GOAL OF THE EXERCISE —
Look through the data below for the line with "Close-up of Chundi" and the line with "Michigan US Senate", then output those two and all lines in between, exactly as written.

INPUT RECORDS —
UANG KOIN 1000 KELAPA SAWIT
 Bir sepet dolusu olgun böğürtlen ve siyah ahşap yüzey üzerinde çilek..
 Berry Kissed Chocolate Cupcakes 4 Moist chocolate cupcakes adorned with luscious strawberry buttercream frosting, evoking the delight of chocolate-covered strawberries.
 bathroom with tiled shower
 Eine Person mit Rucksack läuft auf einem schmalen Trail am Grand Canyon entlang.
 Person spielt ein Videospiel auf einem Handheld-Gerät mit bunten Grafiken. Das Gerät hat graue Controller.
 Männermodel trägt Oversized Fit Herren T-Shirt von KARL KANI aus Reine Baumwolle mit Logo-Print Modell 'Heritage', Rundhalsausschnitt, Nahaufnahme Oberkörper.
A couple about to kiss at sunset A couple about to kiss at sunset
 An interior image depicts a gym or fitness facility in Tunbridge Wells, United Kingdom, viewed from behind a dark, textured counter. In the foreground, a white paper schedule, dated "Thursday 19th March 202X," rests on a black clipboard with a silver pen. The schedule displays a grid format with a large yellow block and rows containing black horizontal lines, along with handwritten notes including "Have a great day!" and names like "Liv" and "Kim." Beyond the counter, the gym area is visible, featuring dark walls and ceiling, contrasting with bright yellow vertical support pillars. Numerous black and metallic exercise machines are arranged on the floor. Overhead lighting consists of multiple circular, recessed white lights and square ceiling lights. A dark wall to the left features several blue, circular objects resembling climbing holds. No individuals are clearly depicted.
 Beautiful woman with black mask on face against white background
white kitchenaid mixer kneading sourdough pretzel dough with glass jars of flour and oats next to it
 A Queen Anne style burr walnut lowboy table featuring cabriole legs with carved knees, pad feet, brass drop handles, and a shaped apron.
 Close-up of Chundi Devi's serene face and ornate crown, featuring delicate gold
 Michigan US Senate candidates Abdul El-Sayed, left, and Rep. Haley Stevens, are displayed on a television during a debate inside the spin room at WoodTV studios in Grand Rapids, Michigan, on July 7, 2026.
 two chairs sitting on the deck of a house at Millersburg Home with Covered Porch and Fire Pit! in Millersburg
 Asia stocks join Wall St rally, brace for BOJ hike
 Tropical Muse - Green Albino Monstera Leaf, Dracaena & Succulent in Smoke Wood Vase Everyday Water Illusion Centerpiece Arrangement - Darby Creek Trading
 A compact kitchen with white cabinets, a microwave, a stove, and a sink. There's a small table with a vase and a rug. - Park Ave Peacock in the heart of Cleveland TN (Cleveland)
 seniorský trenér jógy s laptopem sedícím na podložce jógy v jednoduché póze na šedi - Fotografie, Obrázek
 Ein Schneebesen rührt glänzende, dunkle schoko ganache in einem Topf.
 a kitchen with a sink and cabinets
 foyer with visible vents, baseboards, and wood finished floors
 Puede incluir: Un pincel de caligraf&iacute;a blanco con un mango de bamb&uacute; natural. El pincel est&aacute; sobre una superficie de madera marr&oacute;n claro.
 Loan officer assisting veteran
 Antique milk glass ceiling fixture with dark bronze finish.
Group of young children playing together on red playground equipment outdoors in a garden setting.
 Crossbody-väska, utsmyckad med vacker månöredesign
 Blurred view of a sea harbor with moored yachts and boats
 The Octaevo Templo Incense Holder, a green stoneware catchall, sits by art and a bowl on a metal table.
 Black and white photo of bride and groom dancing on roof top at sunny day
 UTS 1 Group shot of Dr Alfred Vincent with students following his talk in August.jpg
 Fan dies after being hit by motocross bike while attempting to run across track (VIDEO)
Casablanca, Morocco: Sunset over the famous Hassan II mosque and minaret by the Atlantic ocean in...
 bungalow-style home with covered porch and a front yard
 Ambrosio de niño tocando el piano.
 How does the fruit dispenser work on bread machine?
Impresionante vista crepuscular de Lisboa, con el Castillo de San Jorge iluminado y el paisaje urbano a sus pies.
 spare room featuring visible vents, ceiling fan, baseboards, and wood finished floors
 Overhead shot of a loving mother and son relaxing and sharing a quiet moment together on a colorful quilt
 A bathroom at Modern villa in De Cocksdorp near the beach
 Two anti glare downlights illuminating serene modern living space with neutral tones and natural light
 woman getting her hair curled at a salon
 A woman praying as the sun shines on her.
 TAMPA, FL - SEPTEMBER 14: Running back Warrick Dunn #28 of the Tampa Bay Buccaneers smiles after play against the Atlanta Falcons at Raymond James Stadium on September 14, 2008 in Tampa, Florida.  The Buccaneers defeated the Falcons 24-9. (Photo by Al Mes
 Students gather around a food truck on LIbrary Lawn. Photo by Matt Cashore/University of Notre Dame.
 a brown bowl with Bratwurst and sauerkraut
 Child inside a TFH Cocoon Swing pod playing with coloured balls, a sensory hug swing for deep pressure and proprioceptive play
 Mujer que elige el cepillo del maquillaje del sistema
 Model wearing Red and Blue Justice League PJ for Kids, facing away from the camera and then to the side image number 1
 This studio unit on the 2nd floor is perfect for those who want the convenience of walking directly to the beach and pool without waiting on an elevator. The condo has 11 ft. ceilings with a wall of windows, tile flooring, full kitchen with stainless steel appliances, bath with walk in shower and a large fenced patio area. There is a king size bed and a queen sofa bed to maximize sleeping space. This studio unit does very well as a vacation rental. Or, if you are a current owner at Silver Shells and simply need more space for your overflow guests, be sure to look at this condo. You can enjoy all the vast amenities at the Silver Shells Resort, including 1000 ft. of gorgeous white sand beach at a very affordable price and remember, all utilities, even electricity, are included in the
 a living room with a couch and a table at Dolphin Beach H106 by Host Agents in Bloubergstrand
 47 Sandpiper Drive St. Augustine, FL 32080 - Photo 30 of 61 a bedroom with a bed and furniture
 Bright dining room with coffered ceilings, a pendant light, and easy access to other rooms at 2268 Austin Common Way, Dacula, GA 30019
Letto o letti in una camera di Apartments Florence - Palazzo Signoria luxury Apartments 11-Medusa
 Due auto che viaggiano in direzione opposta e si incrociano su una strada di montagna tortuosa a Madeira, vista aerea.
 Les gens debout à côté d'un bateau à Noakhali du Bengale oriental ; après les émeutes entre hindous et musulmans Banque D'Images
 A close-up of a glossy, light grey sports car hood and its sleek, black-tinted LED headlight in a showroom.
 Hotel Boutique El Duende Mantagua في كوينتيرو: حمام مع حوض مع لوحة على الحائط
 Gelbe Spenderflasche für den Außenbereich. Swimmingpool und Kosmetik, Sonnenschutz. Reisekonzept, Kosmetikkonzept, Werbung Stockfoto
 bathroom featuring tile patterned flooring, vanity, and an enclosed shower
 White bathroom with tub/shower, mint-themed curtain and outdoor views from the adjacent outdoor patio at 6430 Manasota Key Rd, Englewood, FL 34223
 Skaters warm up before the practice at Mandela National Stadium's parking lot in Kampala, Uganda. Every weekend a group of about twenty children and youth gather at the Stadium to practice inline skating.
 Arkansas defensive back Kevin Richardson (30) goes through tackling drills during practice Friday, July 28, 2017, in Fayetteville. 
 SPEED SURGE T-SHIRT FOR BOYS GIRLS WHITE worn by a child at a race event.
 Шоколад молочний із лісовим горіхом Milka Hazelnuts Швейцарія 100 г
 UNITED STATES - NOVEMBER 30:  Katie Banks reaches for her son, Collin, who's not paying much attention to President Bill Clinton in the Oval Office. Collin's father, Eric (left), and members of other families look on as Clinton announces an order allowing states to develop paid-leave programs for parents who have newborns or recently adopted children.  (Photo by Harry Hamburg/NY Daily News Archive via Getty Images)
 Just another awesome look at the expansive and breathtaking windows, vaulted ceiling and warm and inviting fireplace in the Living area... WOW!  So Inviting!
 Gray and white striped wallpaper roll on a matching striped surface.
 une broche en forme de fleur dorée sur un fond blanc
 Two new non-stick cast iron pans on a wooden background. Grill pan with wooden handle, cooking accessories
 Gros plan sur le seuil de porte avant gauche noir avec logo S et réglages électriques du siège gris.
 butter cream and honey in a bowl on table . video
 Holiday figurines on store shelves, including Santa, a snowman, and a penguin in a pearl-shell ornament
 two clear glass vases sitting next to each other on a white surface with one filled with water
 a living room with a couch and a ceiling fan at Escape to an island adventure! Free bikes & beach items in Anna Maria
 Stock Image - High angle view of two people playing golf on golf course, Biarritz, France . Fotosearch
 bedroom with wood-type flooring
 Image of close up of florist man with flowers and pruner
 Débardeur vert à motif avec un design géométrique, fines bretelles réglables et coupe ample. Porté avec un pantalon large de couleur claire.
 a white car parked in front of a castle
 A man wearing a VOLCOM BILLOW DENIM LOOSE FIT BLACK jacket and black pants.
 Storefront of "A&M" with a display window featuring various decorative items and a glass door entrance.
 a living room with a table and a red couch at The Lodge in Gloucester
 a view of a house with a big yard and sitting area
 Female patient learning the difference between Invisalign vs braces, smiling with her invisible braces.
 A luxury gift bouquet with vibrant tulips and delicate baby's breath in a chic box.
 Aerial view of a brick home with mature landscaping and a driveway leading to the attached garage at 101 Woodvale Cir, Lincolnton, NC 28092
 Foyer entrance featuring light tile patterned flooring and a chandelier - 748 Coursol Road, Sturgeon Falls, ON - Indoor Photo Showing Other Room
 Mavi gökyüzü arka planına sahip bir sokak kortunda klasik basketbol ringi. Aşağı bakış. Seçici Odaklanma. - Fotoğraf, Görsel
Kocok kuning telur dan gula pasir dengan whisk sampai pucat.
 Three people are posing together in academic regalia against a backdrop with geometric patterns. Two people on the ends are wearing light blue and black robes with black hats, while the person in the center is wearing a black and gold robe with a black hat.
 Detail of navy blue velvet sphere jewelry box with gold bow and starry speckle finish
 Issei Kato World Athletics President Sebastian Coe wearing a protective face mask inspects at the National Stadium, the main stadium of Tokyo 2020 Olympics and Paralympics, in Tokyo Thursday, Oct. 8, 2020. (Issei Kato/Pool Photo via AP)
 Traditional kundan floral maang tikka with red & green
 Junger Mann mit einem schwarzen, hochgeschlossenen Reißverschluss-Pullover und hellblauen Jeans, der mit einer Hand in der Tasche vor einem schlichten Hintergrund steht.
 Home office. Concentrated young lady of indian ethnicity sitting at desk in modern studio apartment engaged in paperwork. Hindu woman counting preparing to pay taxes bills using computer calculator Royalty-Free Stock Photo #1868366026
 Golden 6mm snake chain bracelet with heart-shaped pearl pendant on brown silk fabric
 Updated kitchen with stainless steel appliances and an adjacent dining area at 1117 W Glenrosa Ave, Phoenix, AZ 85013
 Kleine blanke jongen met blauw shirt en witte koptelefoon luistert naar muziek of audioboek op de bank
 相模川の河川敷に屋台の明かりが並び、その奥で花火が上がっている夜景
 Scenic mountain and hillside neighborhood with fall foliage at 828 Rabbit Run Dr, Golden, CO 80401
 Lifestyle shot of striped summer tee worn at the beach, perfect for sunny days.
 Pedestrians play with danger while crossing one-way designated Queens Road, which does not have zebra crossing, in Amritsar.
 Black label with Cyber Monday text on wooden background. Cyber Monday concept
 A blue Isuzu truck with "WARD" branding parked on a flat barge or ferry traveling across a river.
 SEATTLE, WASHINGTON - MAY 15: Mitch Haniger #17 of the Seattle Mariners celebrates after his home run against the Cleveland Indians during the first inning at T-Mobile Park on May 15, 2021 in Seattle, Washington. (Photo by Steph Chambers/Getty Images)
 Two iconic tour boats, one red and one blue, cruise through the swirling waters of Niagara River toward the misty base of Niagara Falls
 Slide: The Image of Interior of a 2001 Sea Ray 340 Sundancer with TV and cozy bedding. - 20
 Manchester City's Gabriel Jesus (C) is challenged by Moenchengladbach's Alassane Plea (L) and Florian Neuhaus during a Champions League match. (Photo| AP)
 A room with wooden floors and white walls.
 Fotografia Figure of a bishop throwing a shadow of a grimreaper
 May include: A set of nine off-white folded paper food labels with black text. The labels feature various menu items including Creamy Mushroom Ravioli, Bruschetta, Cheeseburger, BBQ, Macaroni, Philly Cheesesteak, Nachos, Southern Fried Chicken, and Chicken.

SOLUTION —
 Close-up of Chundi Devi's serene face and ornate crown, featuring delicate gold
 Michigan US Senate candidates Abdul El-Sayed, left, and Rep. Haley Stevens, are displayed on a television during a debate inside the spin room at WoodTV studios in Grand Rapids, Michigan, on July 7, 2026.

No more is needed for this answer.